A C-17 Globemaster III at the Boeing plant in Long Beach, California. The offsets that have been offered in connection with India's $4.1 billion buy of 10 Globemasters does little for Indian defence industry.
by Ajai Shukla
Business Standard, 2nd Sept 11
The ministry of defence (MoD) is finalising a revised defence offsets policy. Business Standard has learned that the new policy will dilute offset requirements substantially, bowing to sustained lobbying from foreign arms vendors and making it easier for them to discharge their offset requirements.
Meanwhile, Indian industry has protested that this would defeat the aim of offsets, which is to promote indigenisation. A Ficci delegation from Indian defence companies, which was invited to the MoD on 23rd July to discuss offsets bluntly told defence minister AK Antony that the growing number of loopholes would make defence offsets a bigger scam than the 2G-spectrum scandal. A shaken Antony assured delegation members that their concerns would be heeded.
The new policy is going ahead nonetheless. MoD sources that were involved in the drafting reveal that the policy revisions would allow technology transfer (ToT) to be counted as an offset. Also on the anvil are “multipliers”, which would give vendors extra offset credits in fields where foreign assistance is badly needed. For example, if the DRDO urgently requires metallurgical technology for building jet engine combustion chambers, the MoD could place a multiplier of, say, 5 on that technology. The new policy would give the vendor offset credits worth 5 times the cost of the technology that it transfers.
So far, the MoD has shied away from including ToT in the list of permissible offsets. The previous secretary for defence production, RK Singh (now the home secretary) admitted to Business Standard last year that it was extremely difficult to accurately value technology.
The new policy could also extend offsets to fields that are barely linked with defence, such as “project management”, a catchall phrase that would allow vendors to claim offsets for routine business expenses like travel, accommodation, and the holding of meetings and conferences.
“Offsets provide an opportunity to build a strong Indian defence industry. But if the offsets are liberalised to the level where vendors no longer need to provide benefits to Indian defence industry, we will have lost a huge opportunity,” says Puneet Kaura, Executive Director, Samtel Display Systems.

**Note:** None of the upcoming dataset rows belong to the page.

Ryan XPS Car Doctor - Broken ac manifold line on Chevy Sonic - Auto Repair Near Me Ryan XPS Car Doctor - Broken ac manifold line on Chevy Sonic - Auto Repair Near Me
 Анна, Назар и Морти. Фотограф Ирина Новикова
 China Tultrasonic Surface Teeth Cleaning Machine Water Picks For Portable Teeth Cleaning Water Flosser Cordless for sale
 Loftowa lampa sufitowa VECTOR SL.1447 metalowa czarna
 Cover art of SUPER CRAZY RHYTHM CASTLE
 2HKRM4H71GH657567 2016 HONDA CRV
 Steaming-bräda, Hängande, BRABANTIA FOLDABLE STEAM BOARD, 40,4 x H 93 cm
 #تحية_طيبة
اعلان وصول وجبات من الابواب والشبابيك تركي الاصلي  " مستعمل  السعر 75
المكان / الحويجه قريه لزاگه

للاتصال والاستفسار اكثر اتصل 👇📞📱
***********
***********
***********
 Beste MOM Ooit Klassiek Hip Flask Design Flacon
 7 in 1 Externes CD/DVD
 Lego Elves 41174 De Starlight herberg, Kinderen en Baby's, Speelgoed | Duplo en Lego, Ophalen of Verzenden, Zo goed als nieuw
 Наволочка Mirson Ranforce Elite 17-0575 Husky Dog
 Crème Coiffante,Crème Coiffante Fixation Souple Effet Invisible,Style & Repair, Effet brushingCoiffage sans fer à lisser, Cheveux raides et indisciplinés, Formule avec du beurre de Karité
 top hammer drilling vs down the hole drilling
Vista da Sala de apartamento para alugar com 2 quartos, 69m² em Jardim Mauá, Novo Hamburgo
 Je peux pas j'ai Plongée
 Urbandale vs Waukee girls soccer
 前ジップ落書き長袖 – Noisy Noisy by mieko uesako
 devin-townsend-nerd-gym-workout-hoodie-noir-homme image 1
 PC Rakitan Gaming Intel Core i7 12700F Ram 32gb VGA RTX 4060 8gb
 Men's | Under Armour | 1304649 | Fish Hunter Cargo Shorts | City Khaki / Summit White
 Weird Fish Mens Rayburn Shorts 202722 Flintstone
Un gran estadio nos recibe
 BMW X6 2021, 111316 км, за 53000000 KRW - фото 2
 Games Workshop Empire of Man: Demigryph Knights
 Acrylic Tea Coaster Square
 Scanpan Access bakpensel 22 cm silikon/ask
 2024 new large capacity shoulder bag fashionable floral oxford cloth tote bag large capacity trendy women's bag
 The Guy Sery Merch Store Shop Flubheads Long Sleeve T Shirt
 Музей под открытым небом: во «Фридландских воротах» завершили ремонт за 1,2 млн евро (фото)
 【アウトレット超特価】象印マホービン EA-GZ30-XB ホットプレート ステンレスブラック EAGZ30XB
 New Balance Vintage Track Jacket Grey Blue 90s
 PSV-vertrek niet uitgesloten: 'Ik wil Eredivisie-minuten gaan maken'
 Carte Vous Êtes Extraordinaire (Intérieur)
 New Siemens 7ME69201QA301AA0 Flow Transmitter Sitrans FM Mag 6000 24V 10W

Offsets, which were introduced with the Defence Procurement Procedure of 2005 (DPP-2005), initially required vendors who executed defence contracts worth Rs 300 crores or more to source from India defence products worth 30% of the total contract value. Alternatively, offsets could also be discharged through investment into defence JVs set up in India; or through investment into Indian R&D organisations. Over time --- through DPP-2006; DPP-2008; DPP-2009; and DPP-2011 --- the offset policy has become progressively less demanding of foreign vendors, first incorporating offset banking and then (in DPP-2011) permitting vendors to discharge offsets in civil aerospace, training and internal security.
The offset policy initially followed the Kelkar Committee recommendations, which endorsed only “direct offsets”, i.e. connected directly with defence products. DPP-2011, however, opened the doors to “indirect offsets”. Now, the latest policy is set to widen that opening.
Business Standard has learned that there is a vertical split within the MoD on whether offsets should be diluted. The Acquisition Wing, which procures defence equipment for the military, and is responsible for expending the capital budget in full, views offsets as an inconvenient procedural hurdle that must be crossed before finalising a procurement contract. But the department of defence production (DDP), which is responsible for boosting India’s defence industry, regards offsets as a useful tool that can provide a growth impetus to industry.
“Unfortunately, the Acquisition Wing currently examines the offset proposals from foreign vendors. If the DDP was given the resources and the staff to do this job, the interests of Indian industry would be far better preserved,” says a MoD official who wishes to remain anonymous.
Industry sources say that after the Ficci delegation alerted Antony to the potential for scandal in offsets, the new defence secretary, Shashi Kant Sharma, who earlier headed the Acquisition Wing, has been inviting industry representatives to South Block to canvass their views.
The MoD has not responded to a request for comments on this issue.